Way back in Dev Diary 152, we discussed some planetary changes that we experimented with during summer 2019. At the time, we decided that while we learned a lot from the experiment, they required significant additional refinement before being something we wanted to incorporate into Stellaris.

Summer 2020 gave us the additional time we needed to revive these (and some other) experiments. Our primary objectives were to reduce the mid to late game micromanagement burden and provide quality of life improvements, including generally making the prebuilding of planets more viable, making planetary automation reliable enough to be trusted in the mid to late game, and making dealing with unemployment and pops easier.

We’ll be talking about these subjects in multiple dev diaries over the next couple of months.

Industrial Districts

Planet View Showing Industrial Districts

Azure Chalice is… er, was... a lovely place.

The planet view has shifted things around a bit and now supports the display of up to six district types.
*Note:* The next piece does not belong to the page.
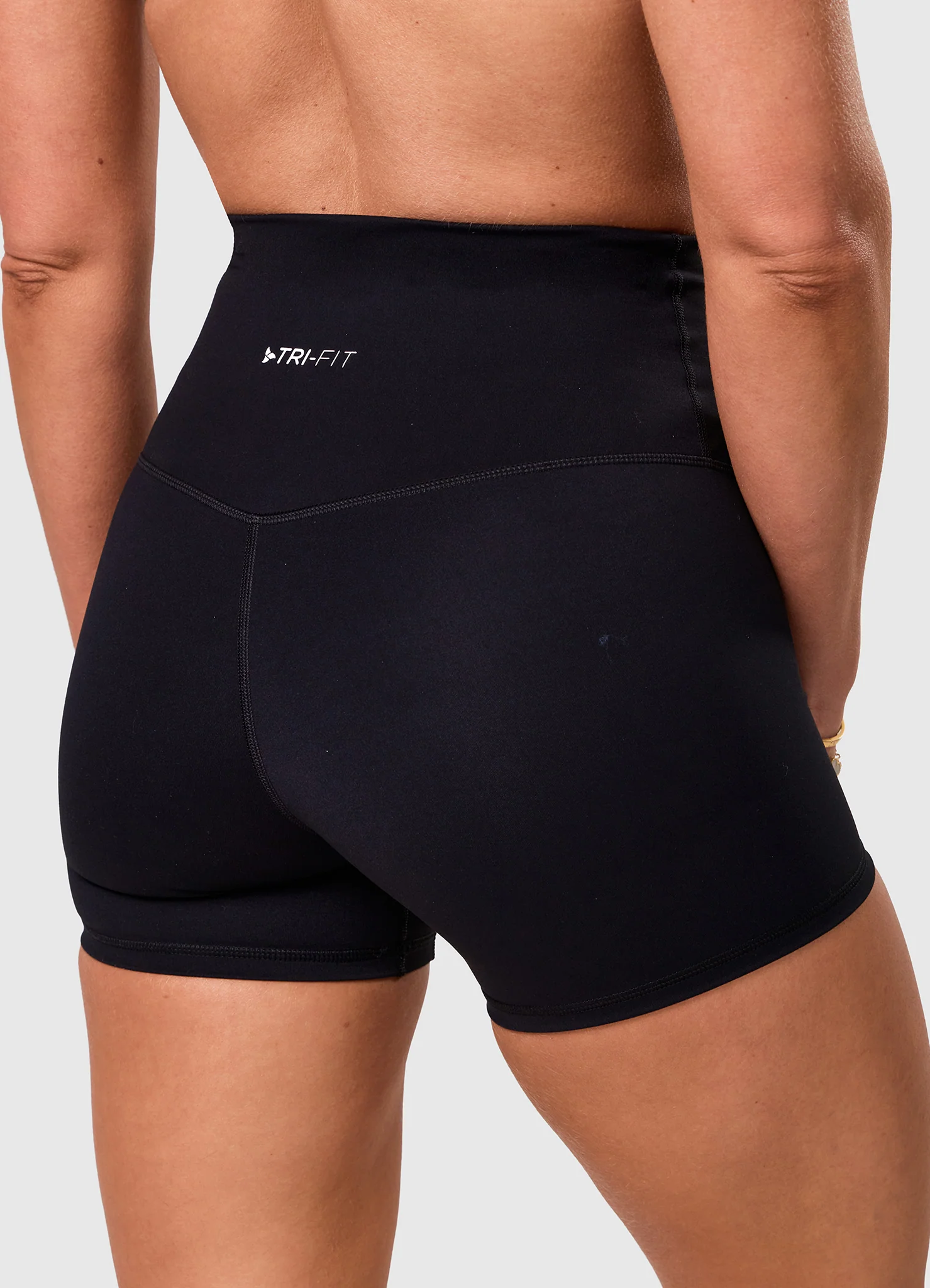 ROXI 4" Shorts BLACK EDITION - Image 9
Most planets will have five district types available. This extra real estate could also be of special interest to modders.

The new brownish-orange district next to the City District is the revived Industrial District. Industrial Districts are treated as urban districts (and as such are not limited by planetary features), but rather than the Laborers that split their output from the original experiment, we’ve decided to have the districts provide regular empires one Artisan and one Metallurgist job. Gestalts have either two Foundry Drones or Fabricators as appropriate.

Industrial District tooltip (regular empire)

Work, work, work.

Factories and Foundries will still exist but are now planet unique, with the first tier building adding 2 jobs to the planet just like the old versions. The upgraded versions, however, will now add either 1 or 2 jobs of the appropriate type to each Industrial District on the planet.

Ecumenopoli will retain their specialized districts, but can be boosted by the Foundry or Factory buildings. The number of jobs per district on ecumenopoli have been adjusted somewhat as part of an overall economic balance pass. Since Industrial Districts are considered urban, a planet with a mix of City and Industrial Districts can be paved over and turned into an Ecumenopolis using the Arcology Project decision.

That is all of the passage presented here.